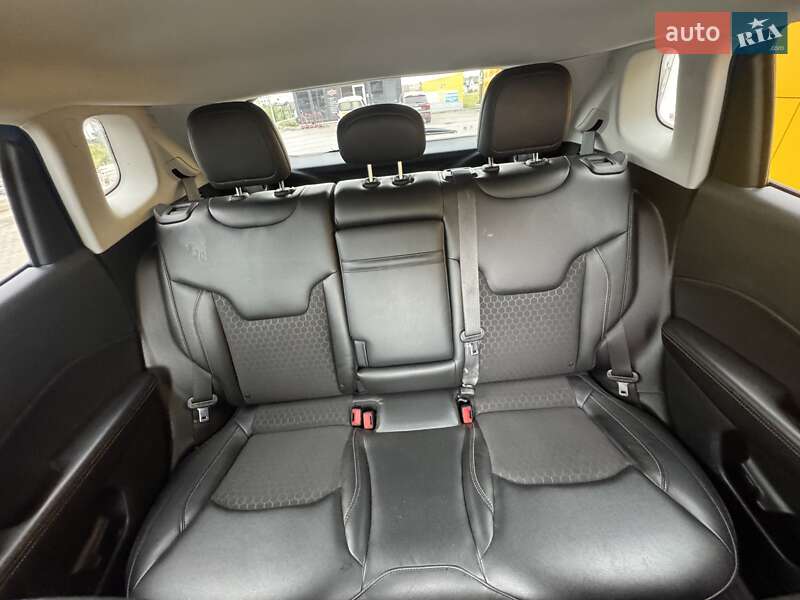 Внедорожник / Кроссовер Jeep Compass 2020 в Ровно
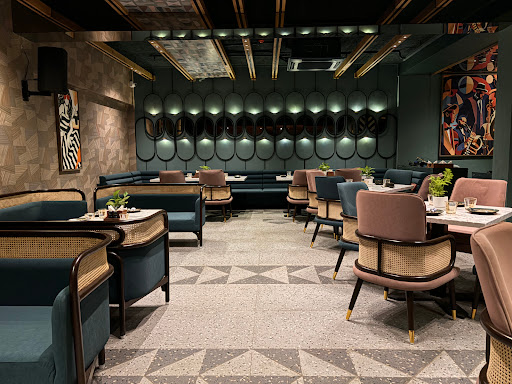 Uptown501 Cafe Lounge Bar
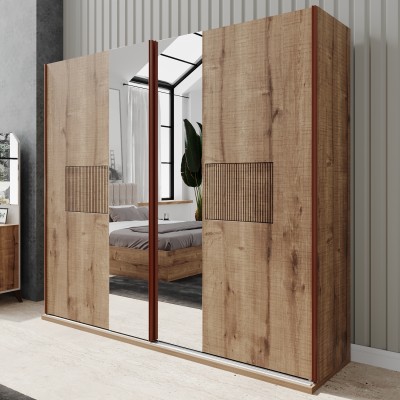 Wooden dolab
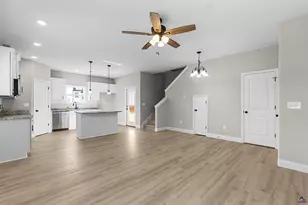 236 Beau Claire Cir, Byron, GA 31008 - Photo 14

◆ ◆ ◆ ◆ ◆

Your copy of the listing should match it exactly, apart from the pictures, which are left out.

▸ Result below
 Внедорожник / Кроссовер Jeep Compass 2020 в Ровно
 Uptown501 Cafe Lounge Bar
 Wooden dolab
 236 Beau Claire Cir, Byron, GA 31008 - Photo 14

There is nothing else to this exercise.